# Dataset excerpts:
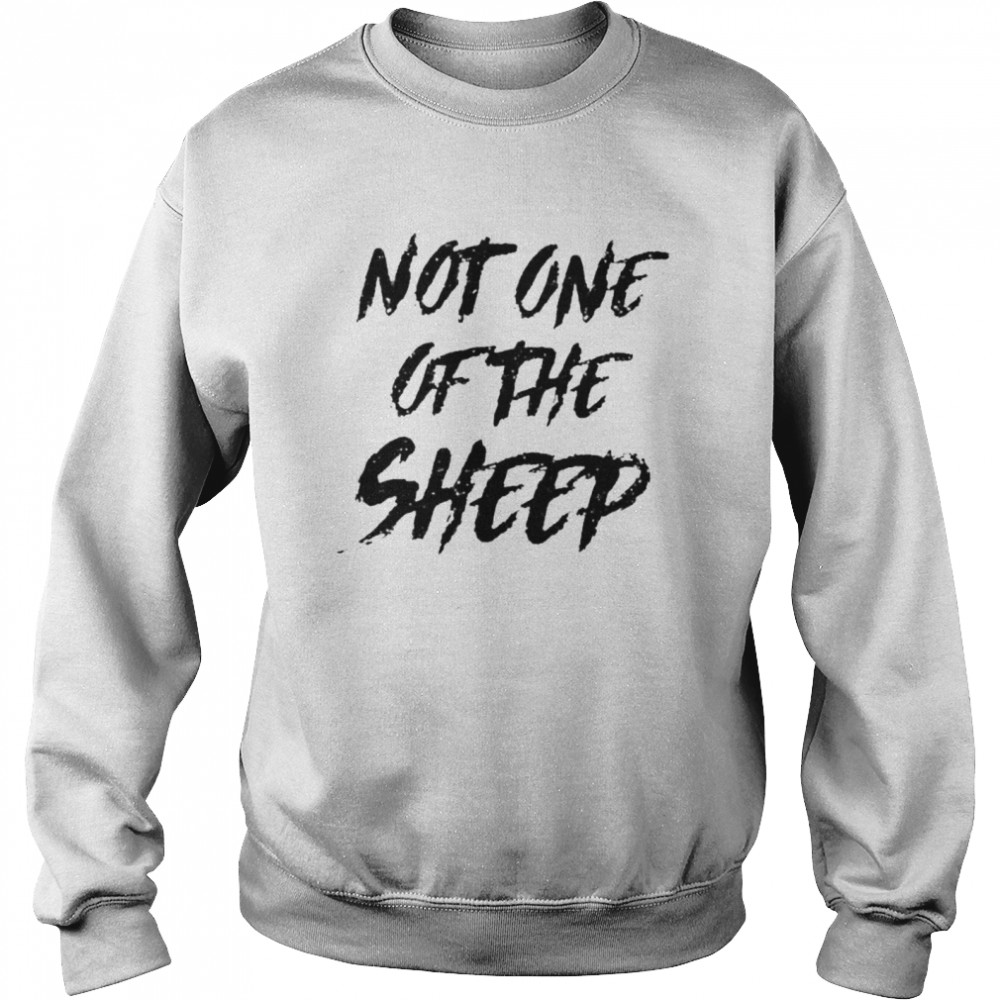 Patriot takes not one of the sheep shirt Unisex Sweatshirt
...
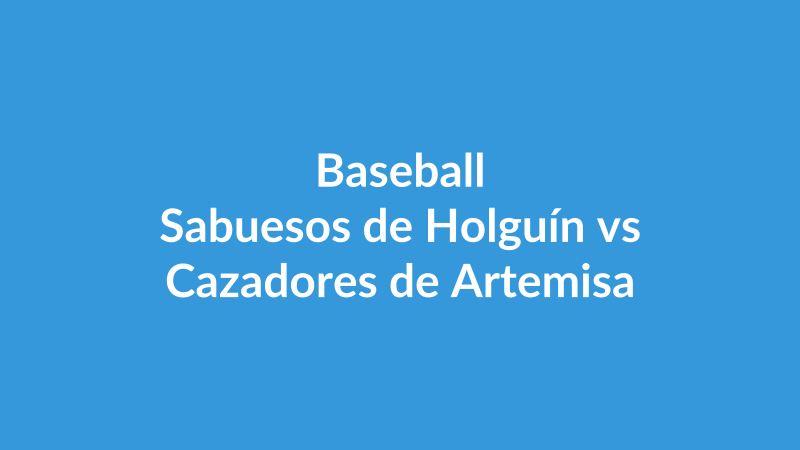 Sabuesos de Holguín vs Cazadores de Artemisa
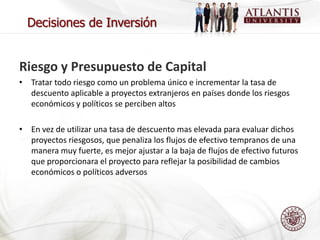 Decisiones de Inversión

# Your goal:
Only one part of the material above is wanted: the lines from the one with "Sabuesos de Holguín vs Cazadores de Artemisa" up to and including the one with "Decisiones de Inversión". Please copy them exactly, pictures left out.

# Response area:
 Sabuesos de Holguín vs Cazadores de Artemisa
 Decisiones de Inversión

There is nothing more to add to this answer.